CLR thread pool woes

Joe Duffy has written an interesting piece over on “Generalities & Details: Adventures in the High-tech Underbelly” about problems with the CLR thread pool. Joe’s a program manager on the CLR team at Microsoft, so he knows what he’s talking about!

I find the issues that Joe raises interesting as I spent some time designing a flexible thread pool for my C++ IOCP servers some time go and came across the problems that he’s facing. In essence the problem is that you want to allow the thread pool to grow and shrink based on demand but you don’t want it to grow too fast as threads are expensive things to create and creating too many hurts performance, yet you don’t want it to grow too slowly as that hurts throughput of work items; especially if the work items are performing blocking operations.

Please bear in mind that I haven’t used the CLR thread pool a great deal because most of my clients still require that I write in C++, so I may have things wrong, be gentle with me…

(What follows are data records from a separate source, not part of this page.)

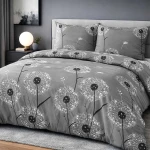 Pościel bawełniana 180x200 Dandelion szara w białe i czarne dmuchawce, Cottonlove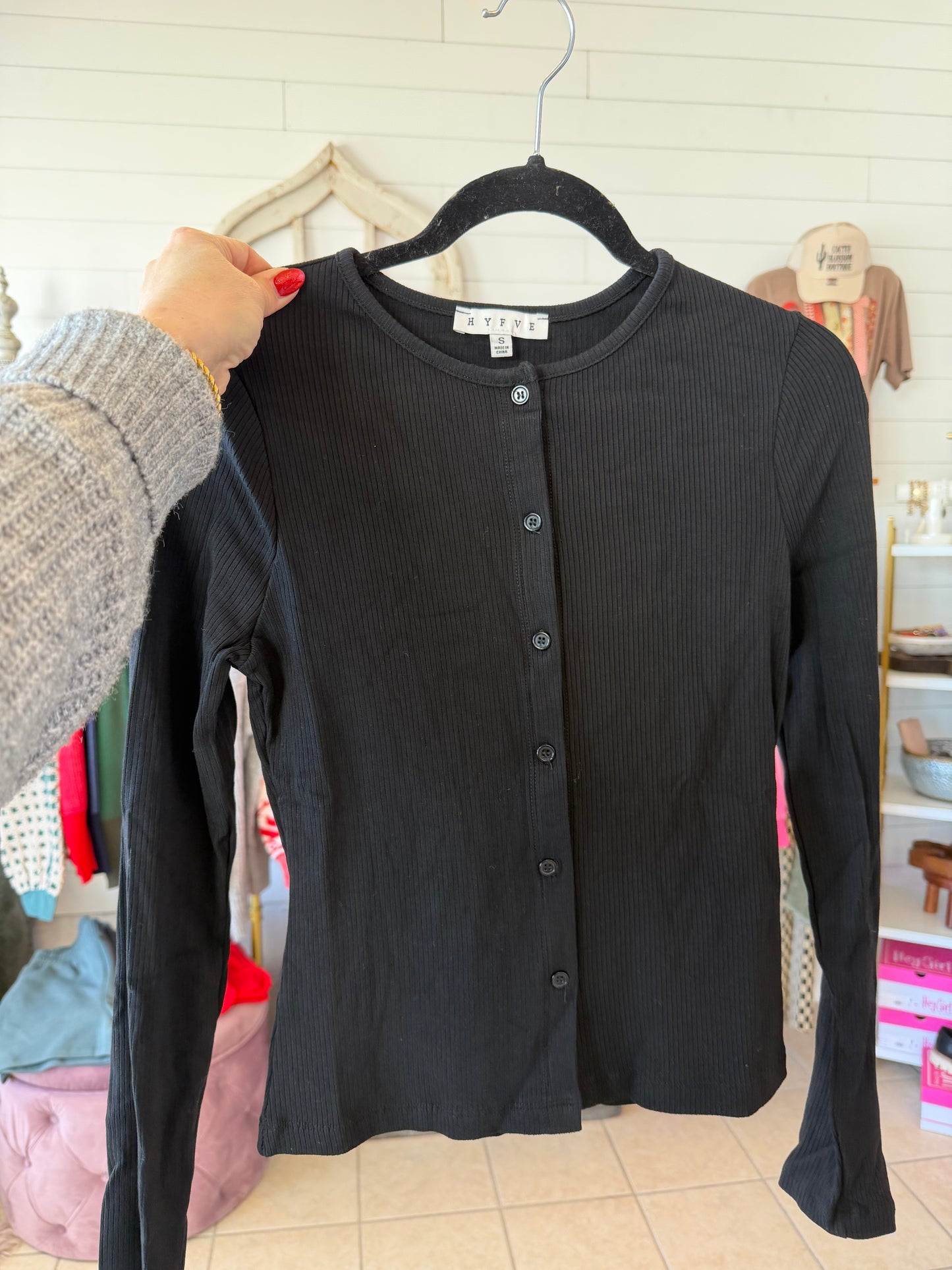 Button Front Ribbed Knit Top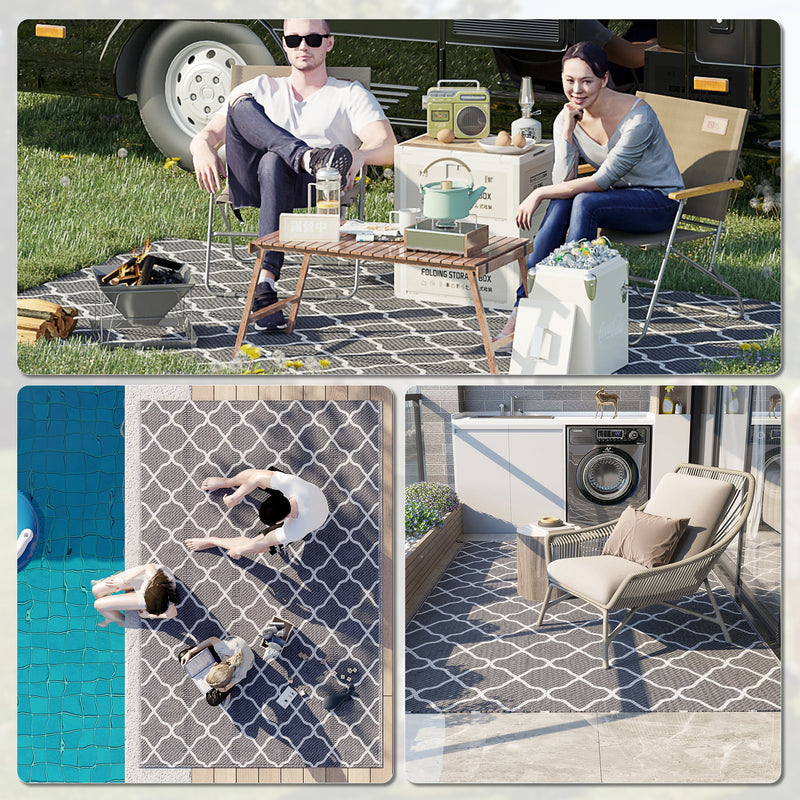 Outsunny Reversible Waterproof Outdoor Rug W/ Carry Bag, 182 x 274 cm, Grey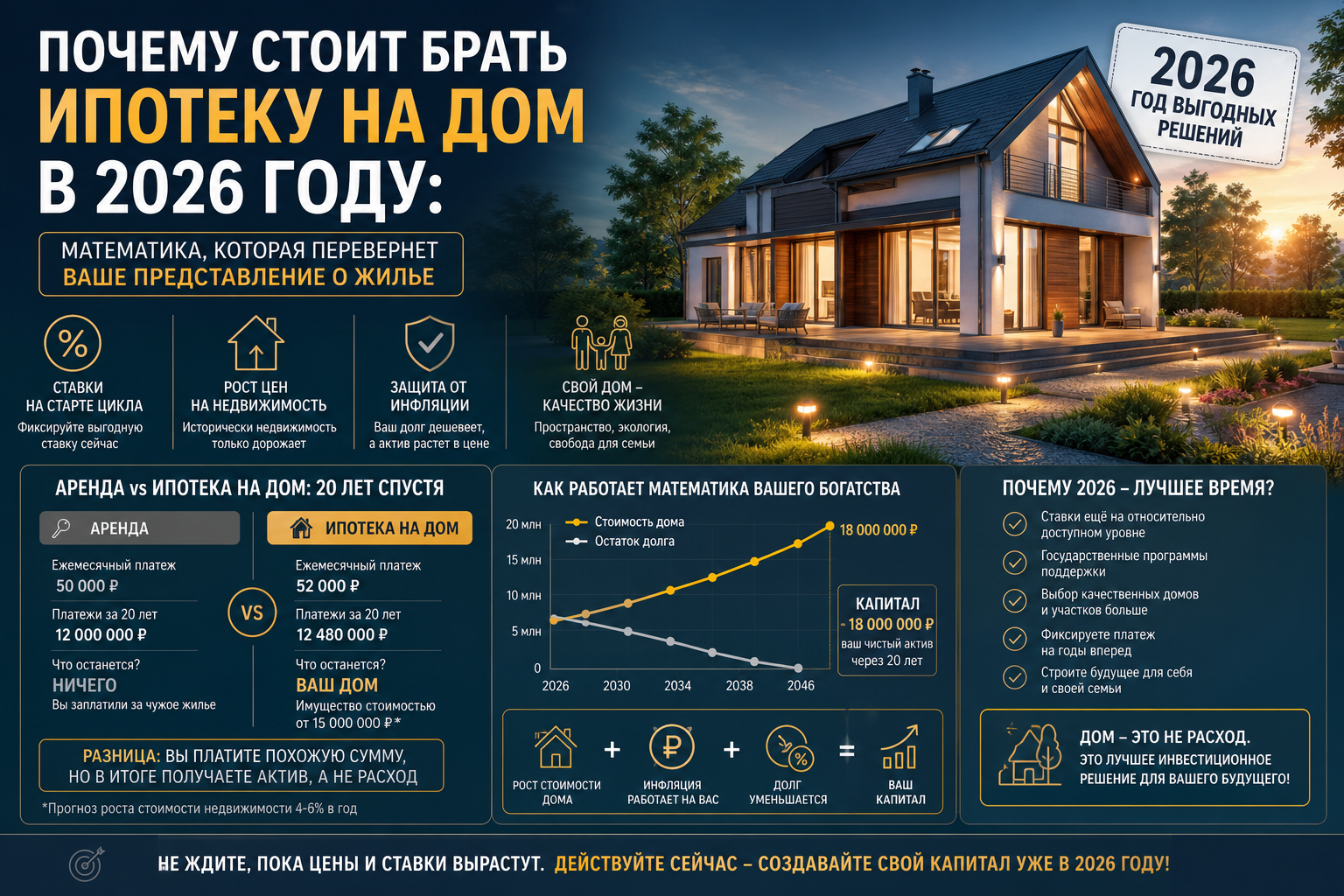 Почему надо брать ипотеку на дом в 2026 году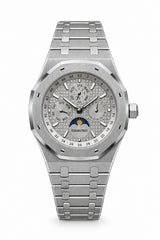 The "Classic Oak Perpetual Calendar" Silver & Slate Grey Tapisserie Steel Bracelet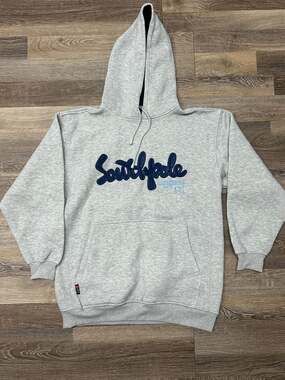 Vintage Y2K Southpole Heather Grey Embroidered Spellout Logo Hoodie L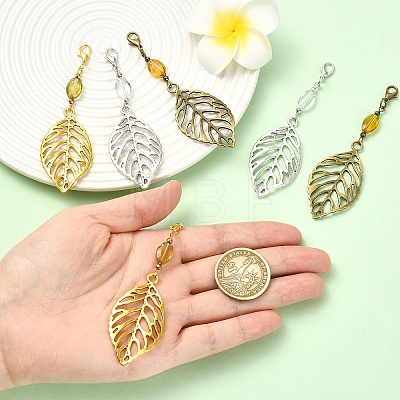 6Pcs Alloy & Glass Pendant Decorations HJEW-YW00328-01-1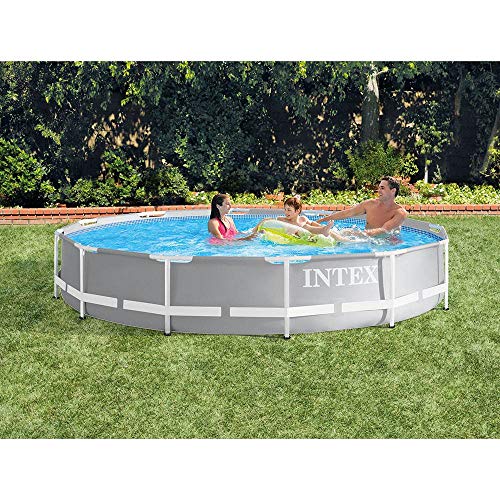 Intex 26711EH 12 Foot x 30 Inch Prism Frame Round Above Ground Outdoor Backyard Swimming Pool Set with 530 GPH Filter Pump and Easy Set-Up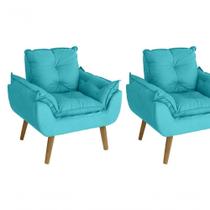 Kit 02 Poltrona/cadeira Decorativa Glamour Opala Com Pés Quadrado Azul Turquesa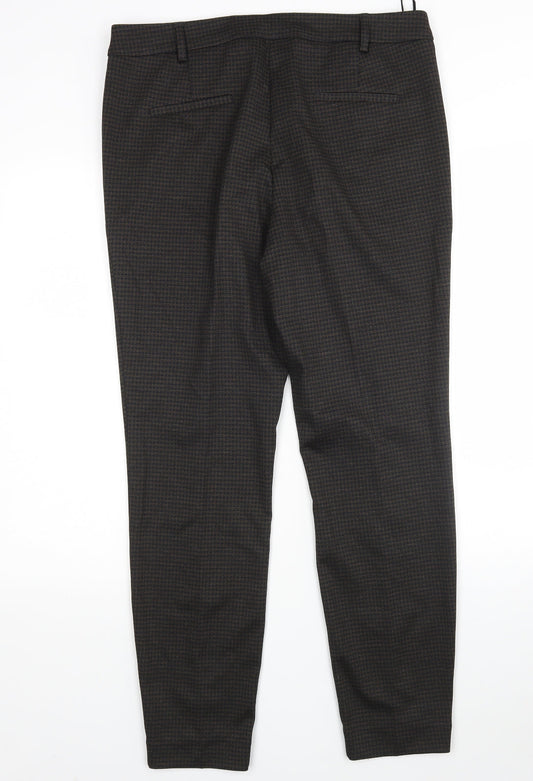 NEXT Womens Multicoloured Houndstooth Polyester Trousers Size 12 L30 in Regular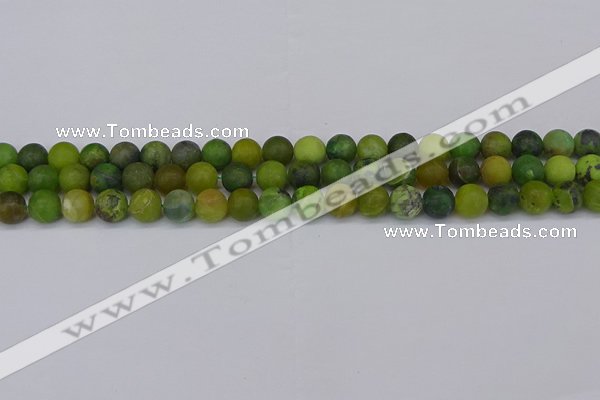 CAU412 15.5 inches 8mm round matte Australia chrysoprase beads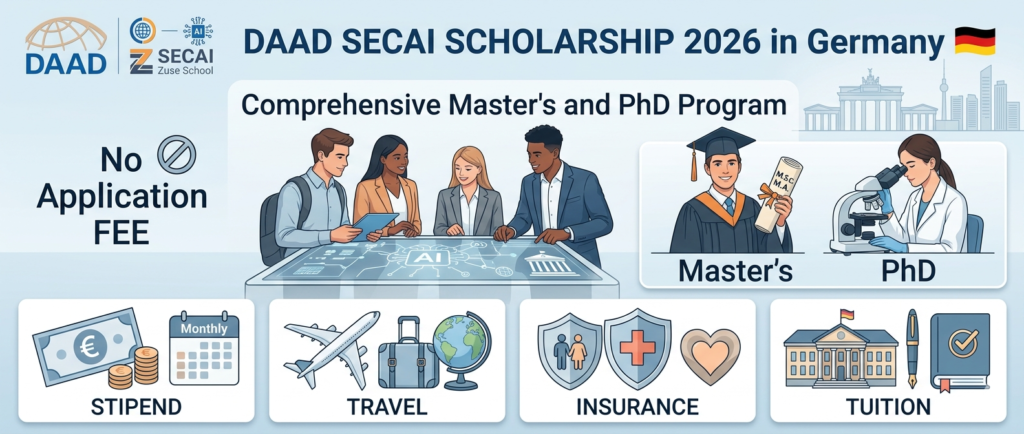 DAAD SECAI Scholarship 2026 in Germany (Fully Funded) No Application FEE! 1 DAAD SECAI Scholarship 2026 in Germany official banner showing comprehensive master's and PhD program features including monthly stipend, travel allowance, health insurance, and tuition waiver.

It sounds like Joe’s CLR thread pool design is similar to my first cut of a design. There are a minimum number of threads that the pool will hold and a throttling time that restricts creating new threads for a period after a thread has been created. The idea being that as work comes in you allocate each work item to a thread until all threads are busy and then you may decide to start a new thread, or you may decide to wait a while (because you just started a new thread). If threads are idle for too long then they are removed from the pool and the pool shrinks. If the work items arrive at a “reasonable” and consistent speed and the work items take a “reasonable” amount of time then you’re fine. The pool will expand and contract as required and work will be done in a “reasonable” time. The problem is what happens when the work items occur in batches with gaps between and some or all of the work items take a long period of time on blocking operations (like database access, for example).

My final design was a little more complex than Joe’s design (possibly too complex!). I have an initial count of threads, which is the number that the thread pool creates when it starts. I have a minimum number of threads, which is the number below which the thread pool will not shrink. I have a maximum number of threads, which is the number above which the thread pool will not grow. There are also a maximum number of ‘dormant’ threads, which is the number of threads that aren’t currently processing work items; once this limit is exceeded we start shutting some threads down. Then there are the dispatch timeout values. I have two; one for when the thread pool is not currently running at maximum threads, this is the timeout that determines how long to wait between starting new threads. The second is a timeout that is used when the pool is running at maximum threads, this timeout simply slows the dispatch monitoring loop so that we don’t busy wait when we aren’t allowed to increase the capacity of the pool. The final configuration parameter to the thread pool is the pool maintenance period; this determines how often the pool considers shrinking itself. There’s a detailed, if old, design rationale in this CodeProject article here.

In itself my design simply moves the problem around a little, however there are two advantages that I have when using my thread pool in a process: Firstly, I can tune the thread pool to suit the application; all of the configuration parameters are passed in to the constructor, they can be sourced from an external config system if required and thus can be adjusted on a per process level as you profile the process that’s using them. Secondly, I can have more than one thread pool in a process; there is no need for a single process wide thread pool that has to be appropriate for all of the async work within a process.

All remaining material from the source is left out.